Failing to plan is planning to fail

Unless you get someone else to do it for you

In the immortal words of Hannibal, I love it when a plan comes together.

It's even better when you don't have to go through the hassle of actually making the plan in the first place!

As anyone who has ever run a marathon knows, you can't just rock up on the day and run 26.2 miles – unless you're a freak of nature who's incredibly fit. In which case you probably won't be reading this as this blog doesn't welcome your sort.

For normal – and I use that term loosely – marathon runners there will be months of preparation for the big day, usually revolving around a training schedule you've found somewhere online, in the London Marathon Magazine or from your charity.

Social engagements will be forsaken, days will be planned around a run, and you'll be riddled with self-doubt about whether you're doing enough.

The beauty of the London Marathon is that you won't be alone in this – there's thousands of others out there in the same boat.

Not that they let you do it in a boat – though it did piss it down in 2008, but I doubt there'd have been enough water to keep you afloat.

It's easy to find out how others are doing online – blogs, Facebook, Twitter etc – and get reassurance and motivation. Last year I felt the people I met online and I were akin to a marathon running support group. It was ace.

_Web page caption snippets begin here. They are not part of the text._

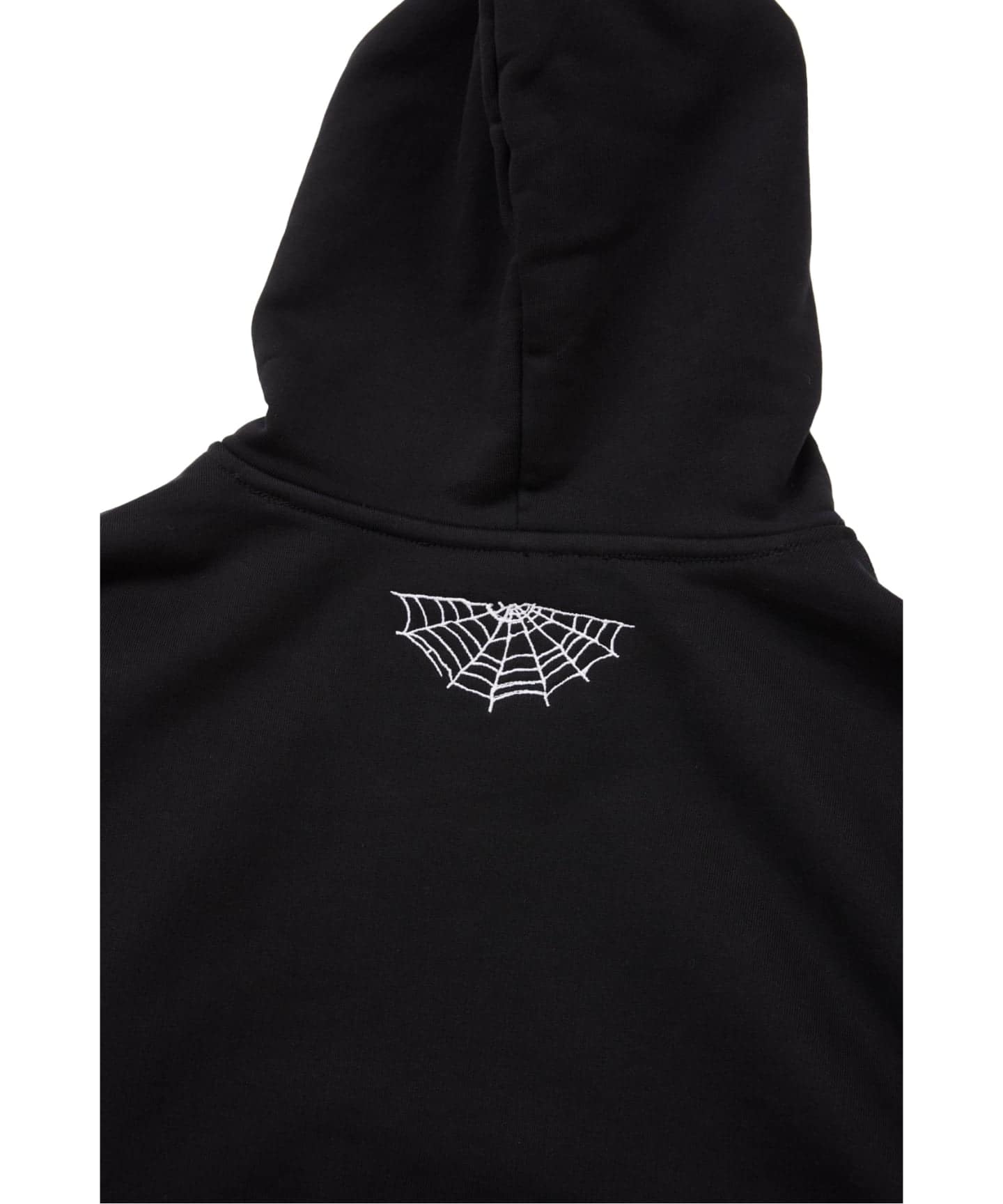 earl skateboards パーカー 服 XL Earl Skateboards / アール スケートボーズ EMBROIDERED APPLIQUE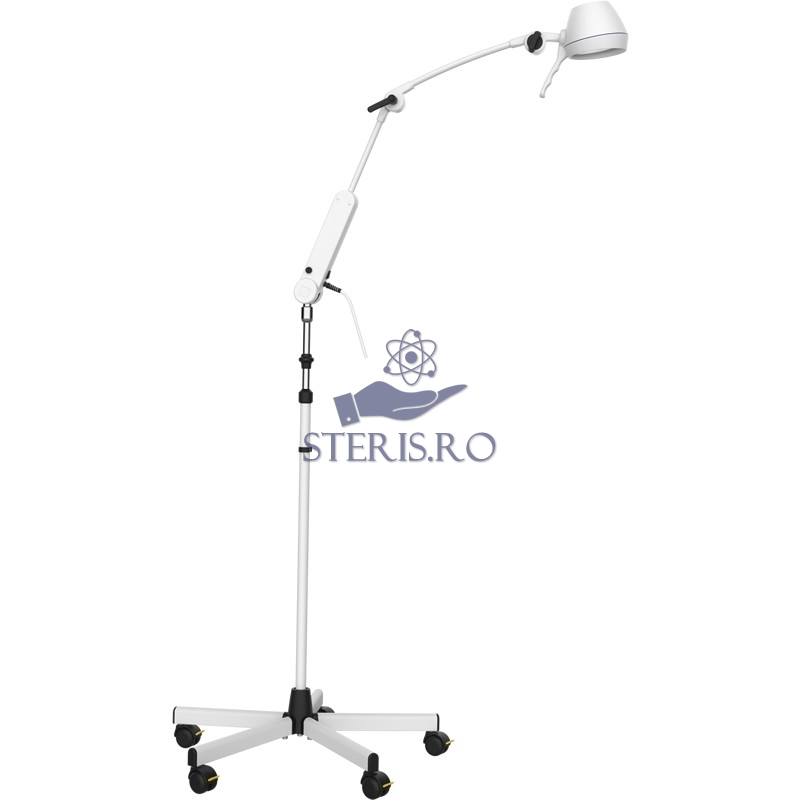 Lampa de examinare cu led L121181A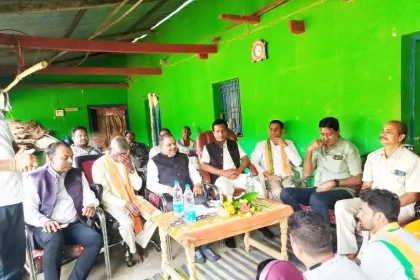 4166061 Untitled 26 Copy.webp.webp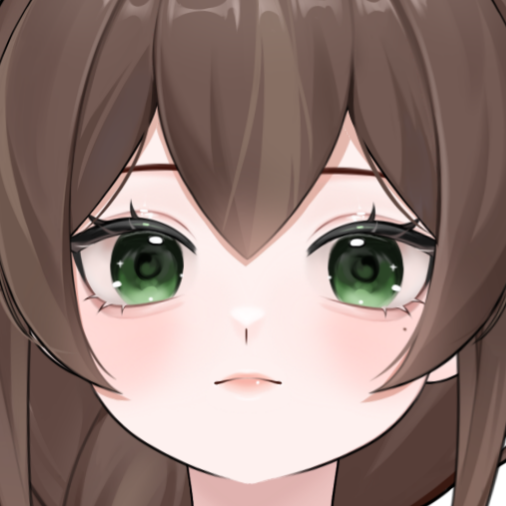 椰菜子 頭貼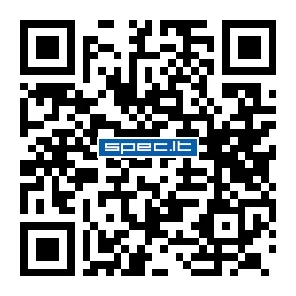QR kodas | Šiaurės vilna, UAB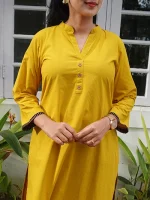 NAVYA Co-or set - Image 4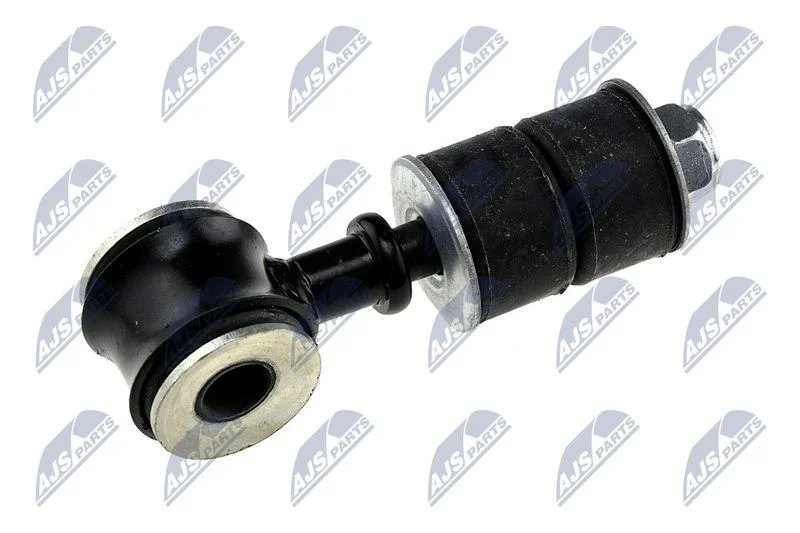 Link/Coupling Rod, stabiliser bar NTY ZLP-AR-005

However, I didn't even make it to the start line because of injury. So, despite being able to enjoy their success and amazing achievements, the overwhelming feeling was of disappointment.

Months of training, carefully planned to get me over the finish line, and hundreds of miles covered, had led to nought.

If you've been following this blog for a while, or have even just browsed some old posts, you'll know I'm not exactly a keen runner. My motivation is based on self-loathing and determination to force my body do something it clearly doesn't want to. So, I was not a little surprised that the disappointment at not being able to run affected me so much.

Thankfully, as my place last year was through the ballot, I was able to defer it to next time so I had a chance to redeem myself.

So I've spent the summer getting the knee working again (currently it's the only major limb on my body that doesn't hurt, but that's a different story) and keeping up some of the fitness I built up by cycling lots.

But, that's not enough to get to the finish line, so I obviously need a training plan.

One of the many physios that have helped get me going again was quite adamant that most of the training schedules available online contribute to injury of those completing them. They were too arbitrary and couldn't take enough account of the individual who was following them. By trying to give themselves some kind of structure to achieve their marathon goal, people were actually risking their success.

But, given limited resources, what else could I do? I've been reading as much as I can to try to tailor my own schedule, but the experience of two ultimately fruitless attempts to run London didn't really feel like a sound foundation for success.

So I clearly needed help, but the prospect of a personal trainer was too expensive, and the thought of pestering some of the actual experts I know online wasn't palatable.

Then, I noticed one of my twitter friends, a personal trainer and cartographer nonetheless, was offering a chance to win online training for the marathon. All I needed to do was pay attention to her tweets of health/training facts over a week or so, then answer some questions about them.

I was busy on the evening the questions were posted, but the following morning I convinced myself it was still worth a go so answered and, somehow, won!

Sally then emailed me a few forms to fill in – training history, height/weight etc. which I've now done and she's formulating a plan for me!

It's a bit eerie that she has already used my responses to identify potential pitfalls I'm already aware of – I suspect witchcraft – but it's reassuring that I'll actually have someone who knows what they're doing helping.

It also means I can absolve myself of any responsibility to plan my training so I make it round - that's her job!

So, weight lifted from mind, I can focus on getting over my current ailments, safe in the knowledge that once I'm good to go, she'll get me round faster and stronger than ever before.

No pressure Sally.


  1. "Last year I felt the people I met online and I were akin to a marathon running support group. It was ace."

    This made me smile :)

    Congrats on winning Sally's competition!

  2. Phil, this is a good article. As someone who has run quite a few marathons myself I initially felt confident that I could help my girlfriend devise a programme for her debut marathon. However on reflection this suddenly seemed like a daunting task - I had almost forgotten what it was like to be preparing for a first attempt at the distance. Thankfully we have been able to work together to get a programme that suits her. My point? No matter how experienced the person writing your schedule (and I know Sally knows her stuff) only you know how your body feels and the programme needs to suit you... after all, nobody will be running the marathon for you!

  3. @ Becki - thanks hon. Hopefully it'll make a difference!

    It really was ace, but it looks like none of the other 09'ers running in 2010. boo!

    @ Simon - I think, despite my rambling, you got what I was getting at - you can't be too proscriptive.

    I expect working with Sally will be a two way thing - shaping one week's training based on feedback from the previous weeks. So hopefully it'll be third time lucky!

  4. Hmmm, no, no pressure at all!

    Delighted to work with you on the project which will culminate in SUCCESS.! You're the ideal competition winner; strong desire to succeed but a few minor obstacles, like cracked ribs, so not TOO much of a breeze.